On another occasion, as he seemed suspicious of the severity of the rule imposed on her by Christ, she replied—

"Remember, our friend, what happened to an illustrious handmaid of the Lord, Maria d'Agreda; being very ill, she yielded to the wishes of her daughters in the faith and sucked a mouthful of chicken, but she was forthwith reproved by Jesus, who said to her: 'I will not have my Spouses dainty.'

"Well, and I should run the risk of a similar reproof, if I attempted to touch a morsel of meat or to drink a drop of coffee or wine."

"And yet," said Durtal to himself as he came away, "it is quite evident that the woman is not mad. She has nothing the matter with her, either hysterical or mental: she is fragile and very thin, but she is scarcely nervous, and in spite of the laconic character of her meals she is in very good health, indeed is never ailing; nay more, she is a woman of good sense and an admirable manager. Up by daybreak, after Communion she soaps and washes all the linen herself, makes the sheets and shirts, mends the Abbé's gowns, and lives with amazing economy, while taking care that her master wants for nothing. Such a sagacious apprehension of the conduct of life has no connection with lunacy or delirium."
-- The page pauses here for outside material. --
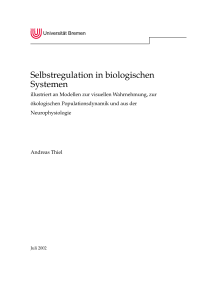 Selbstregulation in biologischen Systemen - nbn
He knew too that she would never take any wages. It is true that in the sight of a world which gives its whole mind to legalized larceny this woman's disinterestedness might be enough to prove her insanity; but Durtal, in contradiction to received ideas, did not think that a contempt for money was necessarily allied with madness, and the more he thought of it the more was he convinced that she was a saint, and not a strait-laced saint, but indulgent and cheerful.

What he could positively assert was that she was very good to him; ever since his return from La Trappe she had helped him in every way, encouraging his spirits when she saw him depressed, and going, in spite of his protesting, to look over his wardrobe when she suspected that there might be sutures to operate upon, and buttons to replace.

This intimacy had become even closer since their life in common, all three together, on the occasion of Durtal's accompanying them, at their entreaty, to La Salette. And then suddenly their affectionate familiarity was endangered, for the Abbé Gévresin left Paris.

The Bishop of Chartres died, and his successor was one of Gévresin's oldest friends. On the very day when the Abbé Le Tilloy des Mofflaines was promoted to the episcopal throne, he begged Gévresin to accompany him to Chartres. There was an anxious struggle in the old priest's mind. He was ailing, weary, good for nothing, and at the bottom of his heart longed only never to move; but on the other hand he had not the courage to refuse his poor support to Monseigneur des Mofflaines. He tried to mollify the prelate by his advanced age, but the Bishop would not listen; all he would concede was that, instead of being appointed Vicar-general, the Abbé should be no more than a Canon. Still Gévresin mildly shook his head. Finally the prelate had his way, appealing to his friend's charity, and declaring that he ought to accept the post, in the last resort as a mortification and penance.